The GRIMMER test
The GRIMMER test is my main contribution to the statistical subfield of granularity testing. A publication of the method is available here.
This method extends granularity testing to measures of variability such as standard deviations, standard errors, variances, and deviations from the mean.
My involvement in granularity testing started when I saw the GRIM test publication. I immediately recognized the importance of the method and added the test to PrePubMed in order to make it easier for researchers to use.
After discussions with the authors I started working on trying to extend the GRIM test to standard deviations and stumbled upon the observation that measures of variability follow a simple repetitive pattern, as do the means.

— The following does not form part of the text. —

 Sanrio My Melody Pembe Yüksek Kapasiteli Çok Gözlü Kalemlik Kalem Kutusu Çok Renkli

Mathematicians may scoff at the idea that granularity testing is a "discovery" given that it is obvious that statistics of discrete data will also be discrete, and admittedly applying this fact to a statistic such as a sum or a mean is very simple, but it is not necessarily obvious how to apply granularity testing to more complicated statistics. In addition, the idea of granularity testing has never been formalized before, and this includes establishing the general requirements and limitations for granularity testing for each statistic in addition to providing a simple method for checking the statistic.

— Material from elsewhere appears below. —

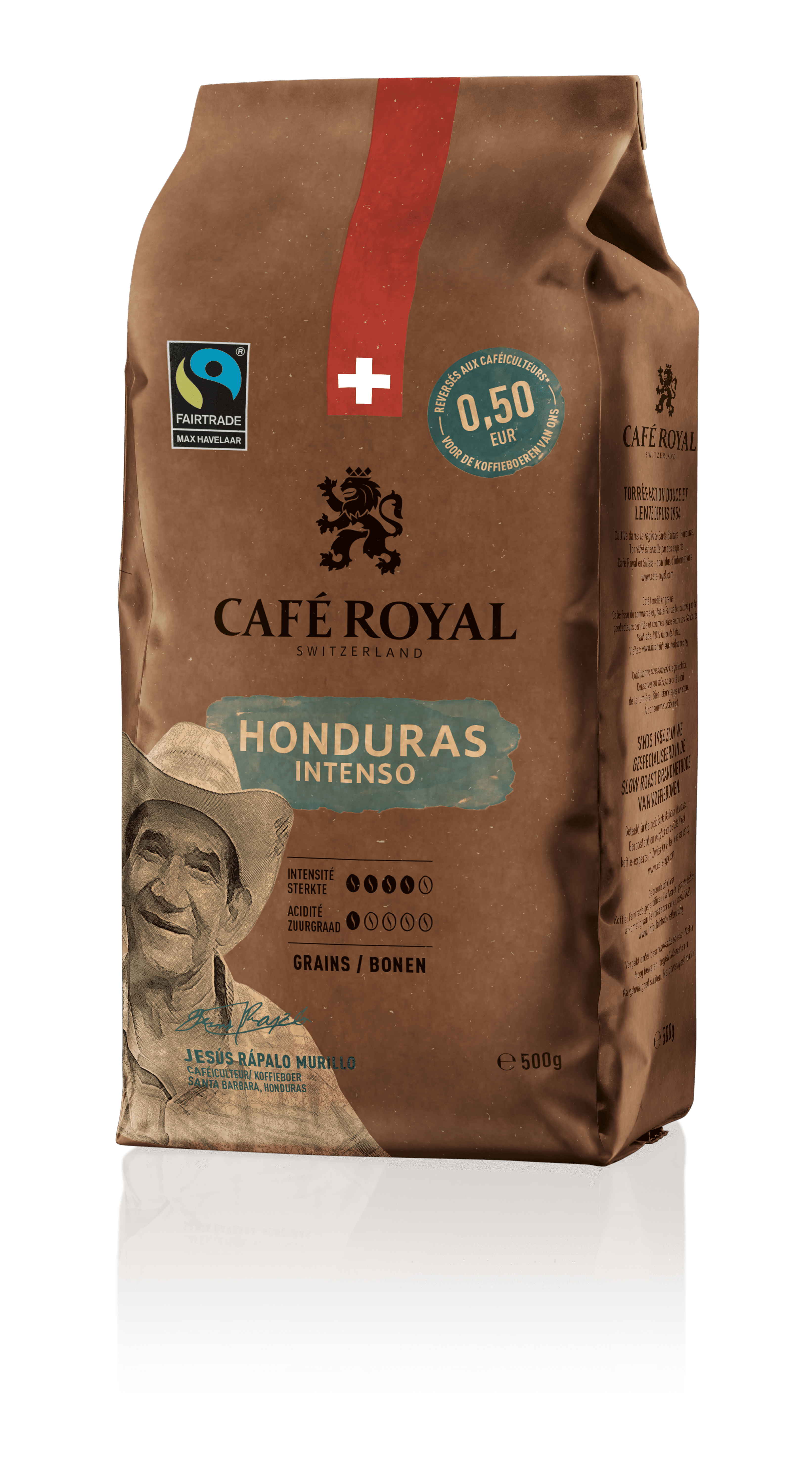 Café Honduras Intenso 500 grammes café en grains de Café Royal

Granularity testing for a sum is so obvious that there isn't a name or a publication for it. If your data is reported in whole numbers you would be surprised to see a sum with decimals.
Granularity testing for means is also fairly obvious, but for most sample sizes it is difficult to determine in your head if a mean is consistent. In addition, given how easy it is to calculate a mean it is surprising how many publications have incorrectly reported means.

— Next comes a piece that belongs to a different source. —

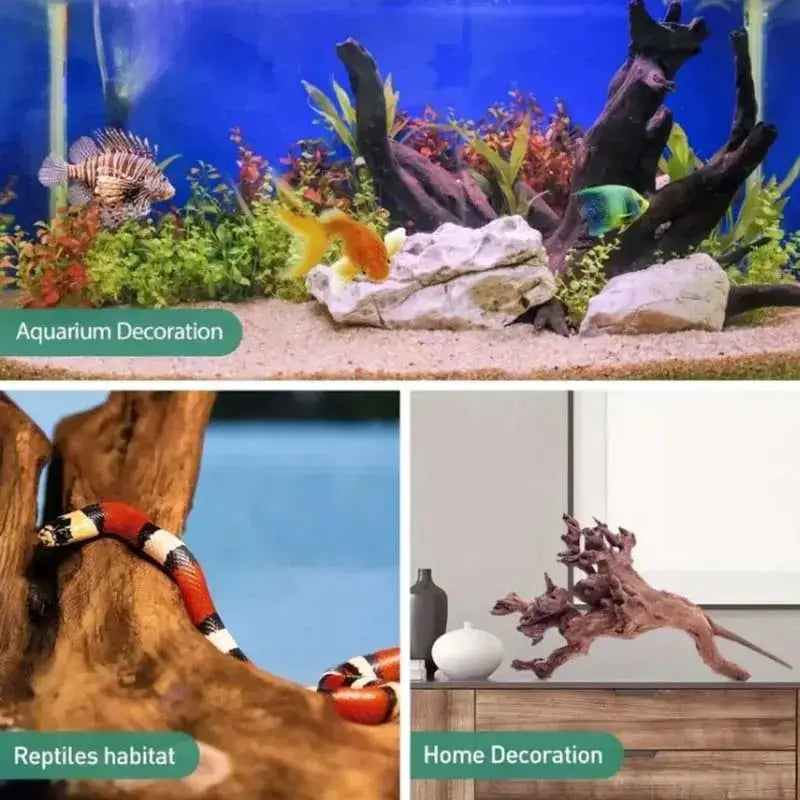 1 Piece Natural Aquarium Sinkable Driftwood Decoration For Fish Tanks And Aquatic Plant Landscapes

Going beyond means requires some advanced computing. I was able to extend granularity testing to measures of variability, including establishing the power of the test, but thus far have not tried to extend the test to other statistics.
Given the fact that most researchers find the GRIM test complicated and the test has not been embraced by the scientific community for wide use, I do not expect the much more complicated GRIMMER test to find a home in the hands of the average researcher.
The next step for granularity testing likely is not to apply the observation to more statistics, but rather to try and automate the test similar to what the statcheck people have done. I don't think it will be possible to achieve as much accuracy as statcheck given the specific requirements for granularity testing, but it would be interesting to see how accurate automated testing could get and whether it would be worth reporting such results.